04.03.2010 13:45:00

Crown Media Holdings Announces Operating Results for Fourth Quarter of 2009

Crown Media Holdings, Inc. (NASDAQ:CRWN) today reported its operating results for the quarter and year ended December 31, 2009.

Operating Highlights

  • Popular holiday programming. Hallmark Channel had a strong fourth quarter in terms of ratings and finished 2009 in the top ten among the 76 ad-supported cable networks for Prime Time household ratings, according to Nielsen. Based on the popularity of its holiday programming, Hallmark Channel recorded its highest rated week and month for Prime Time and Total Day household ratings and delivery. In addition, the channel finished the year among the top ten cable networks for women 25-54 in Total Day for the third consecutive year.
  • Programming expansion. Hallmark Channel introduced several new programs during the holiday season which contributed to the positive ratings results, including several skating specials, coverage of the 121st Rose Parade, a movie night hosted by hoops&yoyo, one of Hallmark Cards’ most popular animated characters, and Jack Hanna’s Animal Adventures.
  • Expanded distribution of Hallmark Movie Channel. The channel added 15.7 million subscribers to end the year in 29.1 million homes, more than doubling its subscriber count in just 12 months, and making Hallmark Movie Channel the fastest-growing cable television network in 2009. Hallmark Movie Channel is now in over 32.5 million homes and available in all top 70 markets.
  • Increase in Adjusted EBITDA. Adjusted EBITDA increased 9% for the quarter to $25.4 million, from $23.3 million in the fourth quarter of 2008, due primarily to management’s successful efforts to control costs and an increase in subscriber fees. For 2009, the company delivered a record high adjusted EBITDA of $81.6 million, representing an increase of 23% over 2008.
  • Partnership with Martha Stewart Living Omnimedia. Subsequent to the end of the quarter, the Company announced a programming partnership with Martha Stewart Living Omnimedia for the exclusive airing of the popular lifestyle series. Beginning in September 2010, Hallmark Channel will introduce a two and a half-hour block of programming, anchored by The Martha Stewart Show weekdays at 10:00 a.m., followed by an additional 90 minutes of programming with related lifestyle content to be developed by the partnership. The partnership will also develop a series of holiday-themed Prime Time specials throughout the year.
  • Recapitalization by Hallmark Cards. Also subsequent to the end of the quarter, the Company announced that it had approved and executed definitive agreements relating to a recapitalization of Crown Media. The transaction will convert approximately $600 million of the Company’s debt from Hallmark Cards to common stock, and exchange $500 million of existing debt into $315 million of new debt and $185 million of convertible preferred stock.

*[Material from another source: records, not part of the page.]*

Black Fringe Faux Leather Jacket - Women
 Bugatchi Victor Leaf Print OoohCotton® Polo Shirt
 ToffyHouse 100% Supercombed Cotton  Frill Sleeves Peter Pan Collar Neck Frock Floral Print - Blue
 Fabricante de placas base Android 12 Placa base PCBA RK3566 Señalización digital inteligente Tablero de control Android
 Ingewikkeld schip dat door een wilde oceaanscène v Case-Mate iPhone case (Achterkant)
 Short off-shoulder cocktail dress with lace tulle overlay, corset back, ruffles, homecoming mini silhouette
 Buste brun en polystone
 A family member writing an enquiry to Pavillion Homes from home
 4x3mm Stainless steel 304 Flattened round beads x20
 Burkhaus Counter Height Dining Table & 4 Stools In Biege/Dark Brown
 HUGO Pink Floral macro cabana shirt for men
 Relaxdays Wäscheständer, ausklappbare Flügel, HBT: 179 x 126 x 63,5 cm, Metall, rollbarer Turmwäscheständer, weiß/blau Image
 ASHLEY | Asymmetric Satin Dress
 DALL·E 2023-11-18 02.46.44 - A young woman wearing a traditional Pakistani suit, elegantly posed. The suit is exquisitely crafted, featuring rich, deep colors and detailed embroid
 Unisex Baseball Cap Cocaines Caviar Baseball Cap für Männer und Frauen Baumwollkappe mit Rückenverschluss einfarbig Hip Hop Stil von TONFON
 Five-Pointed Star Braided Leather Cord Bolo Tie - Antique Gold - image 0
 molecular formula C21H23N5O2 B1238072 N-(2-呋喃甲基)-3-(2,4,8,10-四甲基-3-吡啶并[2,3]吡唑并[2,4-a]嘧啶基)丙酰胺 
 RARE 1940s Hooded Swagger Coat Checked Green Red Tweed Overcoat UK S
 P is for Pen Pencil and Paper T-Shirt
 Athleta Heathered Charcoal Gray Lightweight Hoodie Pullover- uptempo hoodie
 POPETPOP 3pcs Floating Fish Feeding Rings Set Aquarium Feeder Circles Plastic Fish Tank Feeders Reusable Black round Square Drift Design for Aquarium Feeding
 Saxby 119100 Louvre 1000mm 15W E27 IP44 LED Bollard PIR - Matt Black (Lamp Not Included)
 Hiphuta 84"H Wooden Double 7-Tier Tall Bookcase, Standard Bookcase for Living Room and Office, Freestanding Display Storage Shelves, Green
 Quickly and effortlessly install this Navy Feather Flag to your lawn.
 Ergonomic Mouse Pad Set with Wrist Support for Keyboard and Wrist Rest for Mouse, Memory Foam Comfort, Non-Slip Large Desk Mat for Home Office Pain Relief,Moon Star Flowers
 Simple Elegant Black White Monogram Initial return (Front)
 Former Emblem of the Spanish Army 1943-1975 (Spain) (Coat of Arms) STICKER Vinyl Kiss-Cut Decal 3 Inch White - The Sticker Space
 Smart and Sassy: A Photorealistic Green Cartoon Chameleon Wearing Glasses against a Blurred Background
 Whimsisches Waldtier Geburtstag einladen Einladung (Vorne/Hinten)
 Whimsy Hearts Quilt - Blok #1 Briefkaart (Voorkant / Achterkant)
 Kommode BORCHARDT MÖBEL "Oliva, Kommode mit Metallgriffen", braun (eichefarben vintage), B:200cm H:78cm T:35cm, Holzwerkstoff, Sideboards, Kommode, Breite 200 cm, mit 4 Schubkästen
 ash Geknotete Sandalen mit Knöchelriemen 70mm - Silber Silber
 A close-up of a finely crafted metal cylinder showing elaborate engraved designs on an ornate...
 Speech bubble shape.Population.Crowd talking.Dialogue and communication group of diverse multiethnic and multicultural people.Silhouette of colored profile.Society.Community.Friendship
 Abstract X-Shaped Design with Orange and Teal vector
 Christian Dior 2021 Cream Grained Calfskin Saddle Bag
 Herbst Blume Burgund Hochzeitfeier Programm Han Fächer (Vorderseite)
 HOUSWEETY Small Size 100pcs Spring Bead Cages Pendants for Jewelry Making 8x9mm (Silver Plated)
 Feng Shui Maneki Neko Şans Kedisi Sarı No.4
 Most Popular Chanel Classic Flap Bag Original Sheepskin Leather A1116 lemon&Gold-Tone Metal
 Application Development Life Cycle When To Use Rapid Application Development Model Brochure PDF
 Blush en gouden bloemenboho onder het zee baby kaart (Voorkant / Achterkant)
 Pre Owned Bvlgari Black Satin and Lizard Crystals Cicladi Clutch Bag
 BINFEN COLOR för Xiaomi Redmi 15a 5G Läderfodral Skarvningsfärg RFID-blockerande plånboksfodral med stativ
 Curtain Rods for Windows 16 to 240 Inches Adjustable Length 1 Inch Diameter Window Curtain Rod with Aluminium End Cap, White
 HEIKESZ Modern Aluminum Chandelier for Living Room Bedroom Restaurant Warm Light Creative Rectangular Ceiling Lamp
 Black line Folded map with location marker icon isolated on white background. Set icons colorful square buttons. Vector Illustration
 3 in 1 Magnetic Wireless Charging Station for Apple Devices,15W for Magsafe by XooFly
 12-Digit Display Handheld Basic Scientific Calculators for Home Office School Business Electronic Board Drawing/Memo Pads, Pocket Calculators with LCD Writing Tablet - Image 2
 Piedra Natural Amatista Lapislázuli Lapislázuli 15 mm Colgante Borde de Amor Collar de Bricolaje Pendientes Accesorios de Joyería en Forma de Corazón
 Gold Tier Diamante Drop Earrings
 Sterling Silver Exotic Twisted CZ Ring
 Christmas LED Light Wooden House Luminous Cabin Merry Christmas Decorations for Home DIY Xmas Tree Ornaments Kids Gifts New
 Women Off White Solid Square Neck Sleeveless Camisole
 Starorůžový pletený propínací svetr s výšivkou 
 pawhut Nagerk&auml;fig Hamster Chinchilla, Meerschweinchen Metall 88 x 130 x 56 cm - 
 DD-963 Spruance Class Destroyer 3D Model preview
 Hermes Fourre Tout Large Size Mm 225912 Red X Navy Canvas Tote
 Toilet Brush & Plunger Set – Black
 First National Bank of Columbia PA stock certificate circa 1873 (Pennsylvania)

"Although we continue to be impacted by the economic challenges facing our industry, we finished the year with a strong fourth quarter of ratings success for the holiday season,” noted Bill Abbott, President and CEO of Crown Media. "With effective cost-cutting measures implemented throughout the year and increases in our subscriber fee revenues, we were able to deliver a record year of Adjusted EBITDA.

"We have been successful in broadening our programming at Hallmark Channel with a variety of new specials which we aired during the year, and the upcoming introduction of The Martha Stewart Show in a two and a half-hour lifestyle programming block. This growing distinction between our two channels, and the tremendous expansion in distribution for Hallmark Movie Channel, will enable both channels to deliver strong results in 2010 and achieve their full revenue potential in the long-term. In addition, we believe that the recently announced recapitalization and the significant reduction in our debt will help us maintain the operating health of our company.”

Financial Results

Historical financial information is provided in tables at the end of this release.

Crown Media reported revenue of $77.6 million for the fourth quarter of 2009, a 3% increase from $75.2 million for the fourth quarter of 2008. Subscriber fee revenue increased 14% to $16.4 million, from $14.5 million in the prior year’s quarter. Subscriber revenue increased in 2009 primarily due to an increase in the number of Hallmark Channel pay subscribers and small contractual rate increases. Advertising revenue increased 1% to $60.8 million during the quarter, from $60.4 million in the fourth quarter of 2008. The slight increase in advertising revenue during the fourth quarter of 2009 is due to increased advertising pricing.

Crown Media reported revenue of $279.6 million for the year ended December 31, 2009, a 1% decrease from $281.8 million for the same period of 2008. Subscriber fee revenue for the year ended December 31, 2009, increased 11% to $63.6 million, from $57.2 million in the prior year. Advertising revenue decreased 4% to $214.5 million during the year ended December 31, 2009, from $223.4 million for 2008, primarily due to declines in viewer ratings across demographic categories for 2009 compared 2008.

For the fourth quarter of 2009, cost of services increased 11% to $40.5 million from $36.6 million during the same quarter of 2008. Within cost of services, programming expenses decreased 2% quarter over quarter to $32.3 million. Other cost of services and amortization of our capital lease decreased 4% from $3.6 million to $3.4 million for the fourth quarter of 2009. Salary expense also decreased primarily due to the resignation of one executive in May 2009.

During the fourth quarter of 2009, we exercised our rights to terminate two agreements in connection with our January 2010 launch of the Hallmark Channel in high definition. The estimated costs of termination were approximately $4.7 million.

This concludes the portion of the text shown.